Interactions on the single-molecule level between alginate chains and alginate modifying enzymes, mannuronan C-5 epimerases, have been extensively studied with optical tweezers and an atomic force microscope to unveil the importance of the variations within the enzyme family. Knowledge on this matter which was attained through this study may pave the way for tailor making of epimerases that in turn may be utilized to tailor the properties of alginates and the gels they form. Alginate-mucin interactions were also investigated on the molecular level to examine use of alginate, possibly in combination with chitosan, as a mucoadhesion-based drug delivery system.

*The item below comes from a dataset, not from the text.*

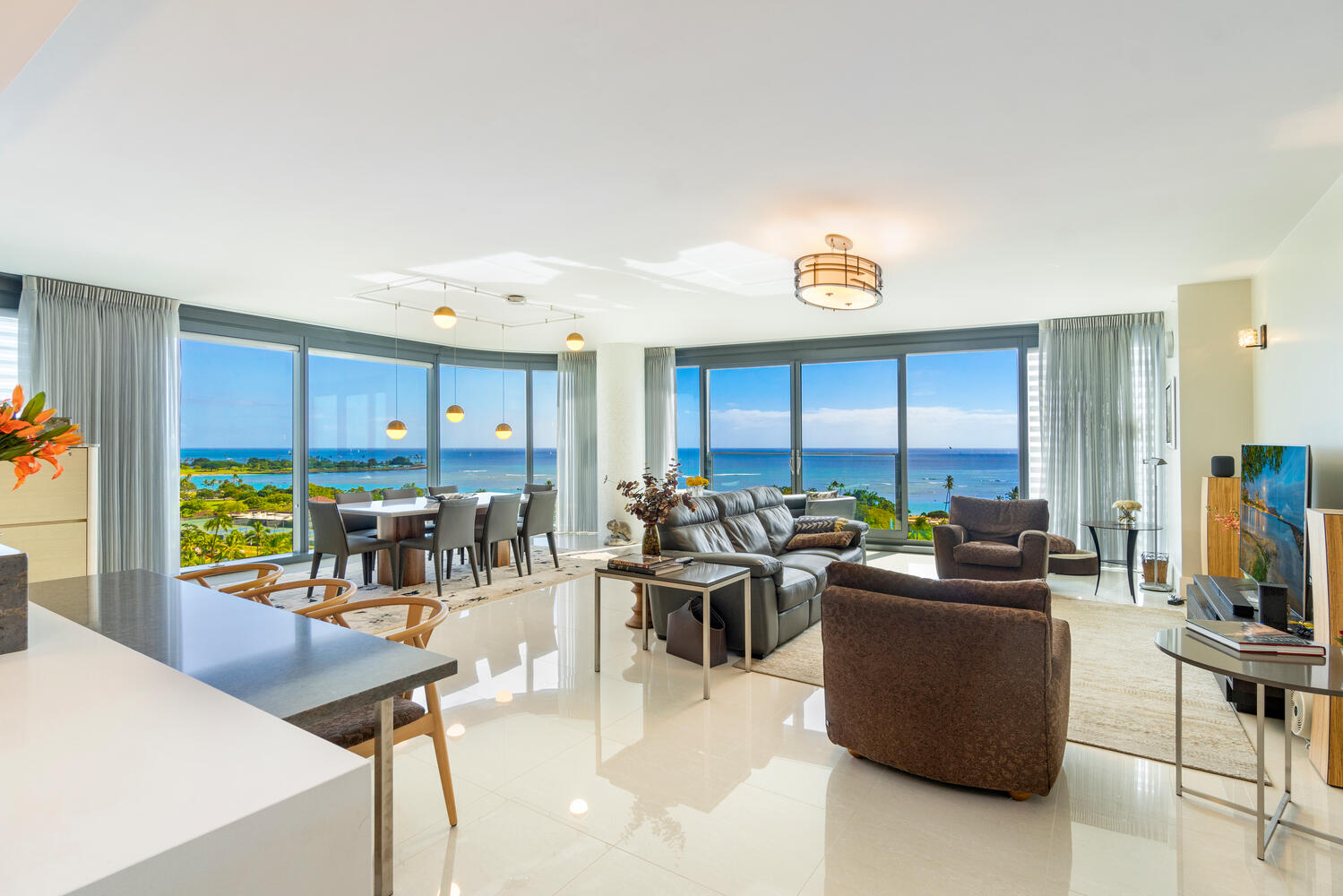 1108 Auahi Street Unit #1000, Honolulu, HI, 96814 - Thumbnail 3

Alginate based hydrogels must meet the requirements set by the biotechnological application in question. Often times, such applications require tunable gelation kinetics in terms of gelation time and strength, under mild and biocompatible conditions. Contemporary methods to gel alginate suffer from lack of control over the transition time from a sol to a gel, or poor cell compatibility due to harsh gelation conditions such as pH triggering, or both. As part of this work, a novel gelation method termed competitive ligand exchange X–linking (CLEX) for ionotropic polymers, including alginate, was discovered and thoroughly characterized. CLEX proved to offer many advantages over existing gelation methods for encapsulation of cells in alginate micro beads and fibers using microfluidics, with the main advantages being clog-free and cell friendly microfluidic operation. Lastly, micro encapsulated bacteria and algae in CLEX produced alginate beads and in water-oil-water emulsions were systematically arranged onto microarrays to improve current biotechnological methods to study single or small colonies of microorganisms.
Altogether, this work provides new insight into the fundamental nature of alginate interactions with mannuronan C-5 epimerases and mucins, as well as new means by which alginate hydrogels may be formed to allow for use in emerging biotechnological research.